[EXERCISE DESCRIPTION]: Please output exactly the part of the records below that opens with the line containing "Parcela st. 918/2" and closes with the line containing "LIVINA HOME Handtuchhaken", both lines included, and nothing else.

[DATA TO USE]:
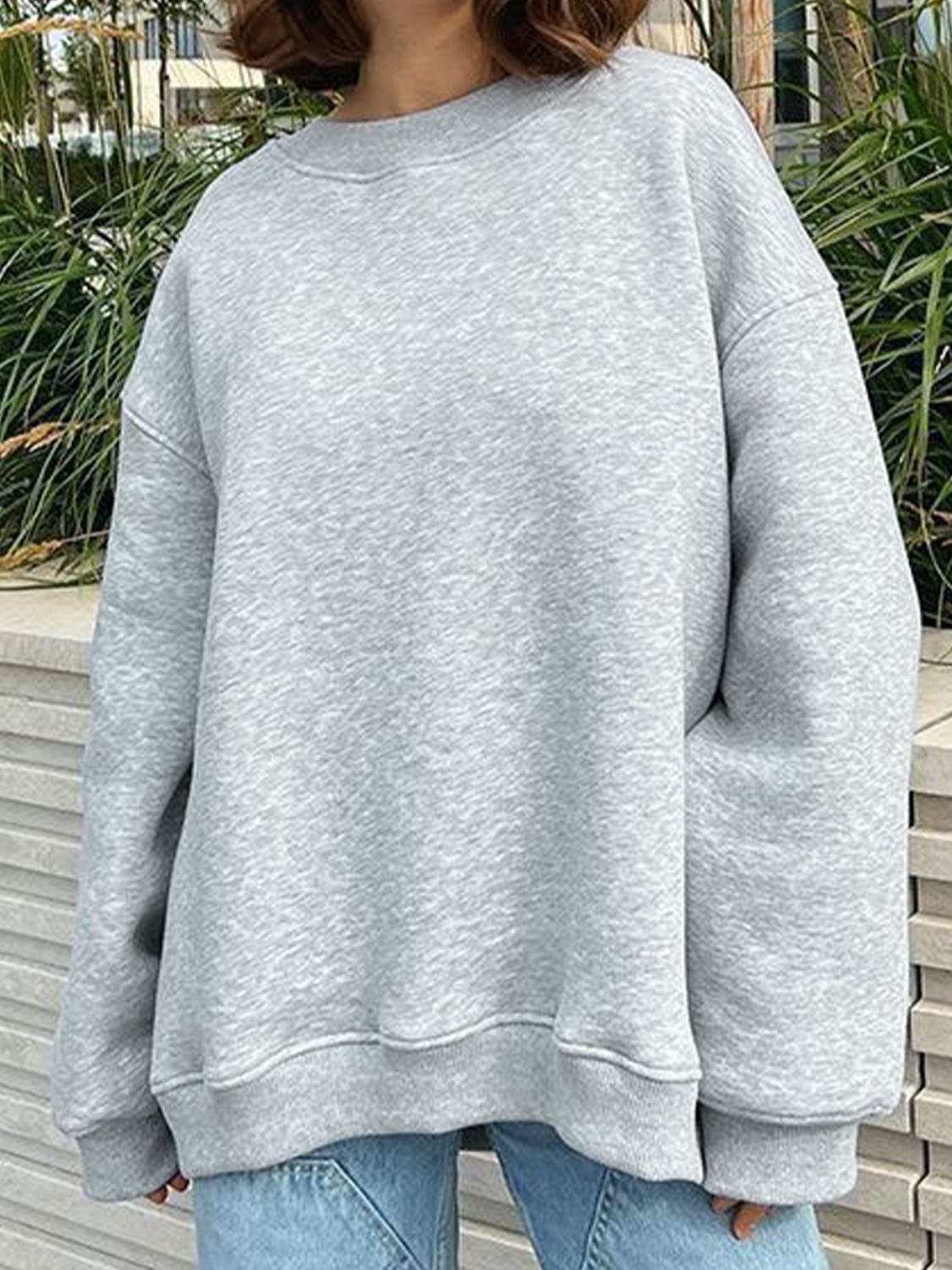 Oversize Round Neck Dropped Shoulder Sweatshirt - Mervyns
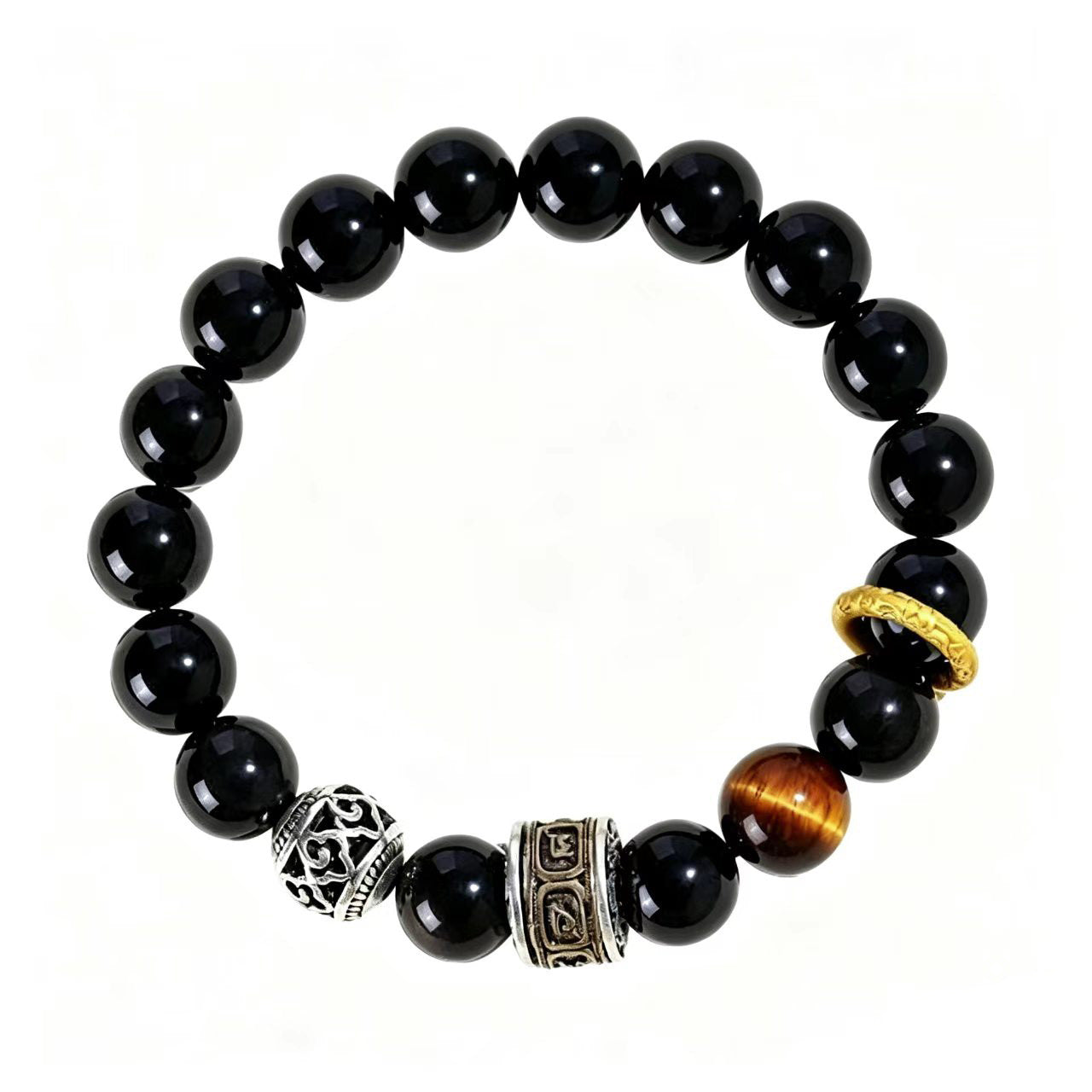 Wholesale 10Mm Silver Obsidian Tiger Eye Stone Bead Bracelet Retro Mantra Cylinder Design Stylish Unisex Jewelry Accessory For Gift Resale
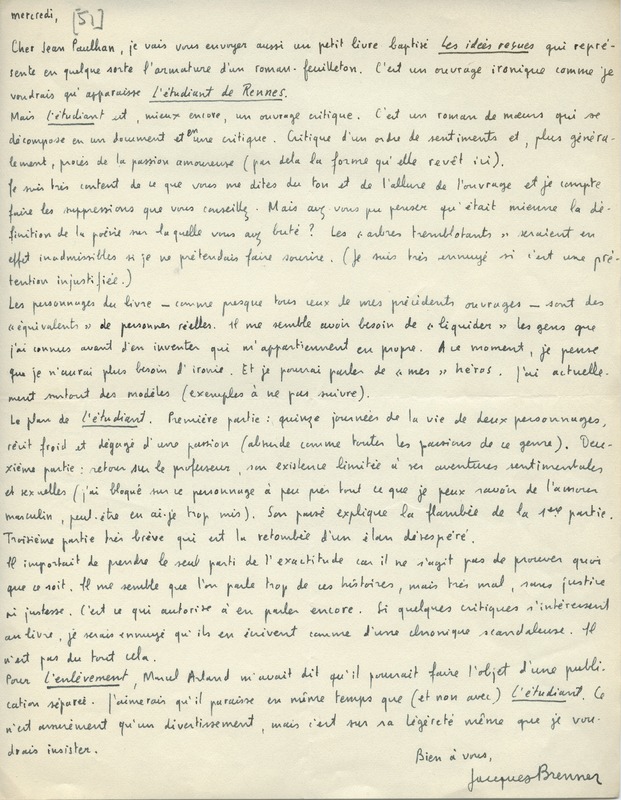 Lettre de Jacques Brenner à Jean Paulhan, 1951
...
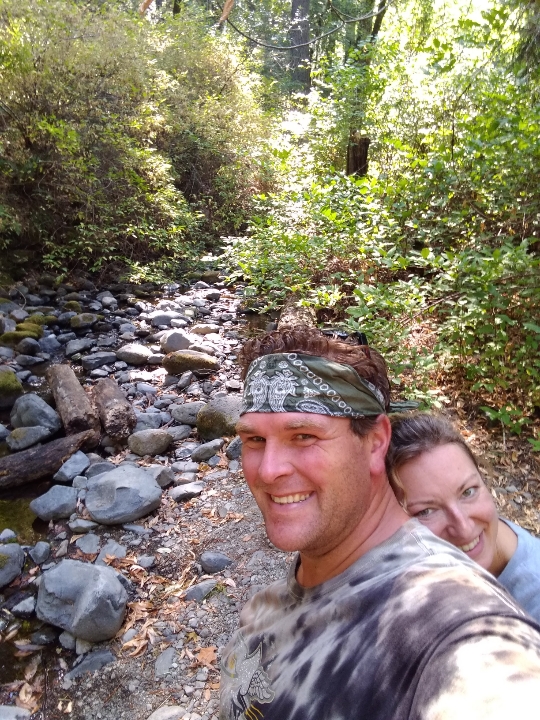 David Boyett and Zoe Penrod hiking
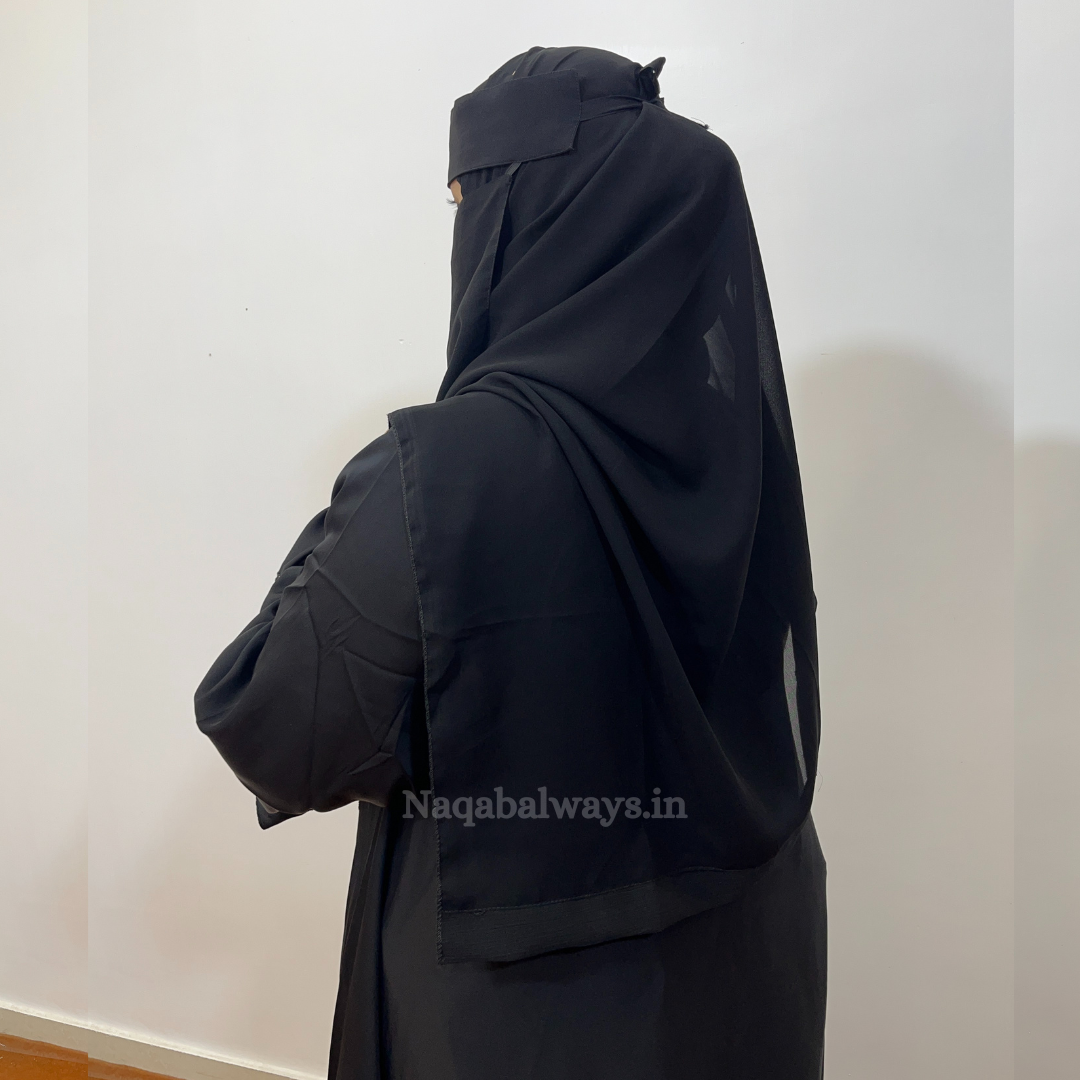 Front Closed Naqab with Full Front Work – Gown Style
---
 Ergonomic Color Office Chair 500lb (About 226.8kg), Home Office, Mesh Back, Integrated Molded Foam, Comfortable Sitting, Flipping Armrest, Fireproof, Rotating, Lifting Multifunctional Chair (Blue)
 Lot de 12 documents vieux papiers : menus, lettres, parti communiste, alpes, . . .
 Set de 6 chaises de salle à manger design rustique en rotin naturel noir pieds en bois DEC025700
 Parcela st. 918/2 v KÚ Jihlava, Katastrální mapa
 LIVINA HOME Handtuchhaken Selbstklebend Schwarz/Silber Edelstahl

[ANSWER TO THIS EXERCISE]:
 Parcela st. 918/2 v KÚ Jihlava, Katastrální mapa
 LIVINA HOME Handtuchhaken Selbstklebend Schwarz/Silber Edelstahl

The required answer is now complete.